BRIEF. Your output should be the lines from the one with "Детская коляска 2" through the last line of the records below, exactly as written, minus the pictures.

INFORMATION SHOWN.
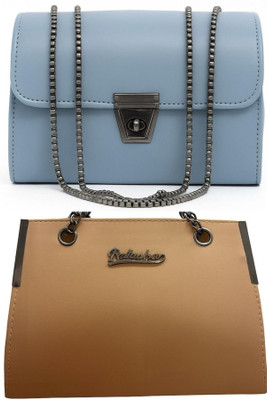 Yari Blue, Tan, Tan Sling Bag Stylish Forever Young Sling Bag For Women And Girls(Pack of 2)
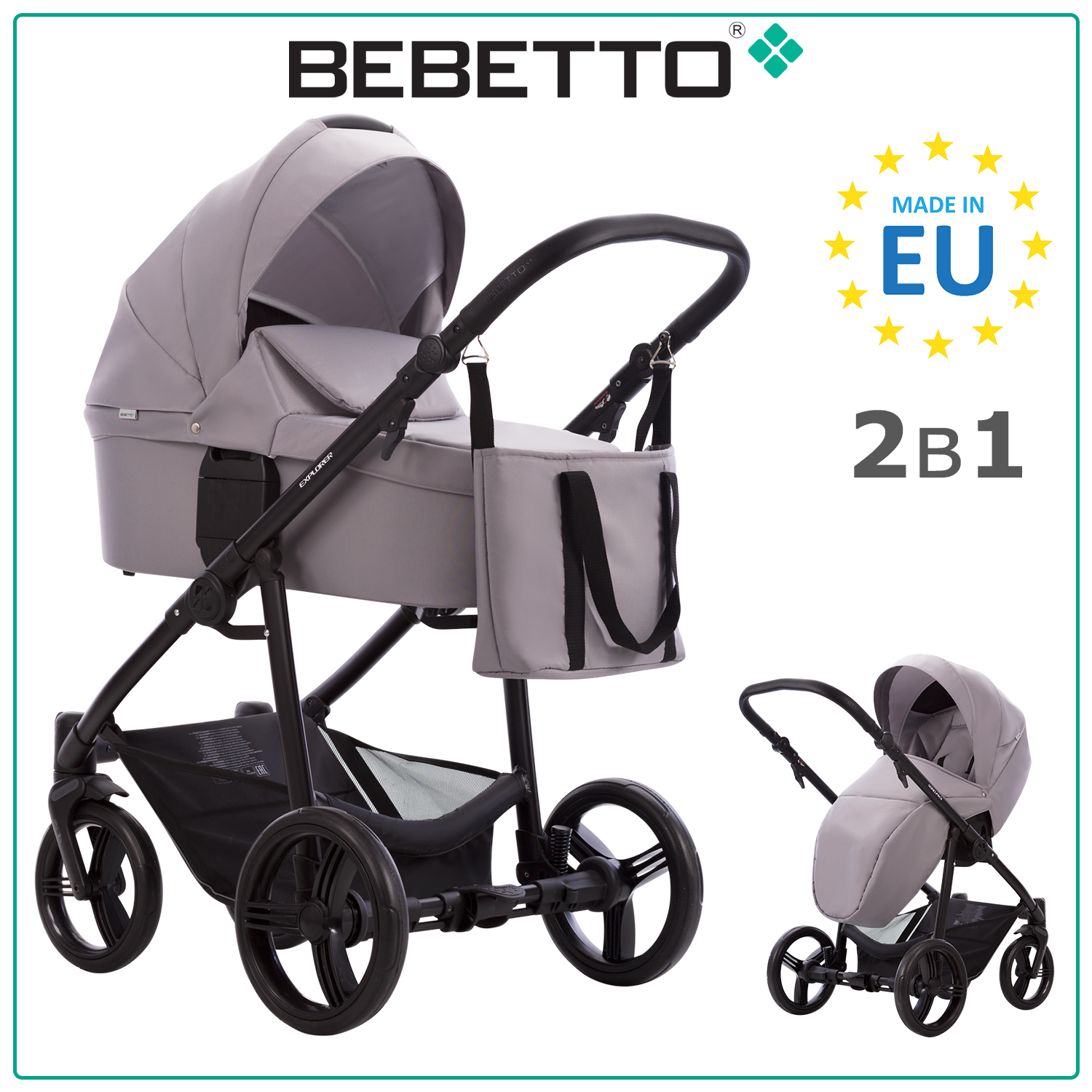 

Детская коляска 2 в 1 Bebetto Explorer AIR 10, рама черная, Explorer AIR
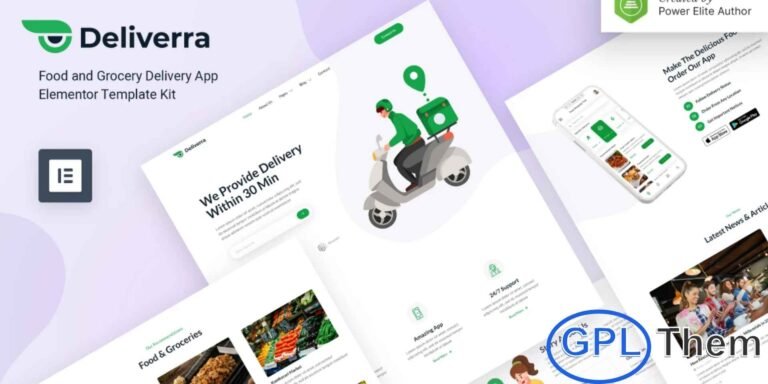 Deliverra – Food & Grocery Delivery App Elementor Template Kit Deliverra is a sleek and modern Elementor Template Kit designed for creating professional WordPress websites for mobile app landing pages, particularly for on-demand food and grocery delivery apps. With its unique and visually appealing design, this kit ensures your website stands out and engages users effectively.
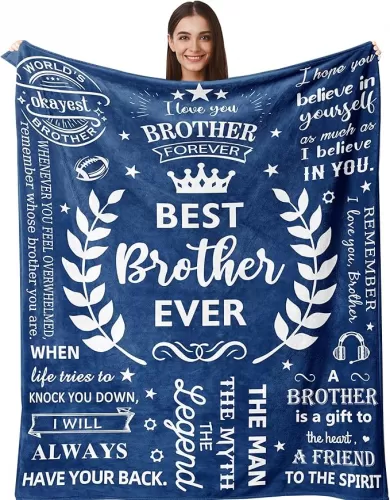 Gifts for Brother, Brothers Blankets 60"X50", Fathers Day Christmas Birthday Gift for Brother, Brothers Gifts from Sister, Best Bro Ever Presents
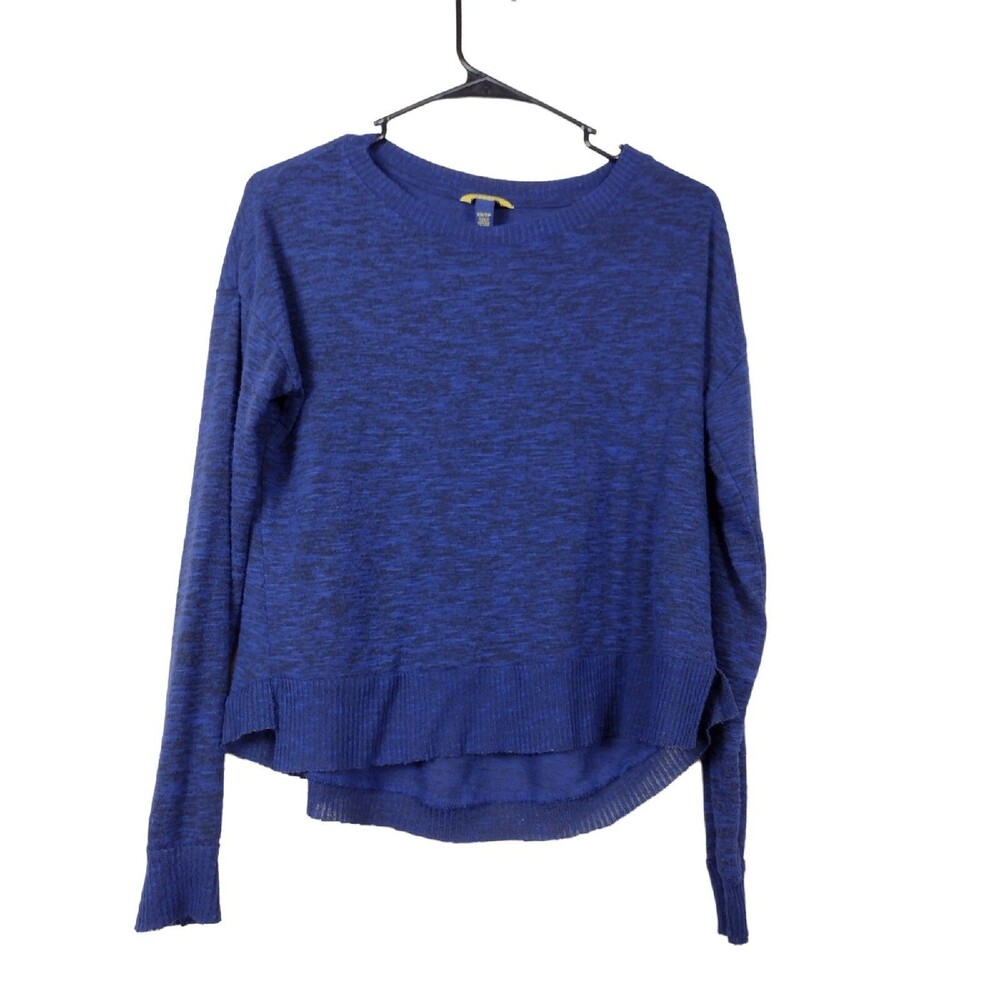 Prince & Fox Womens XS Shirt Blue Black Cropped Stretch High Low Raw Edge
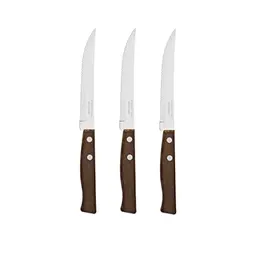 Tramontina Steakmesser Set TRADICIONAL, 3 Stück mit Holzgriffen aus rostfreiem Edelstahl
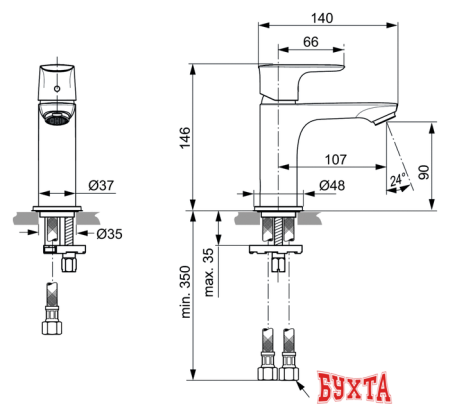 Смеситель Ideal Standard Connect Air A7010AA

WRITTEN SOLUTION.
Детская коляска 2 в 1 Bebetto Explorer AIR 10, рама черная, Explorer AIR
 Deliverra – Food & Grocery Delivery App Elementor Template Kit Deliverra is a sleek and modern Elementor Template Kit designed for creating professional WordPress websites for mobile app landing pages, particularly for on-demand food and grocery delivery apps. With its unique and visually appealing design, this kit ensures your website stands out and engages users effectively.
 Gifts for Brother, Brothers Blankets 60"X50", Fathers Day Christmas Birthday Gift for Brother, Brothers Gifts from Sister, Best Bro Ever Presents
 Prince & Fox Womens XS Shirt Blue Black Cropped Stretch High Low Raw Edge
 Tramontina Steakmesser Set TRADICIONAL, 3 Stück mit Holzgriffen aus rostfreiem Edelstahl
 Смеситель Ideal Standard Connect Air A7010AA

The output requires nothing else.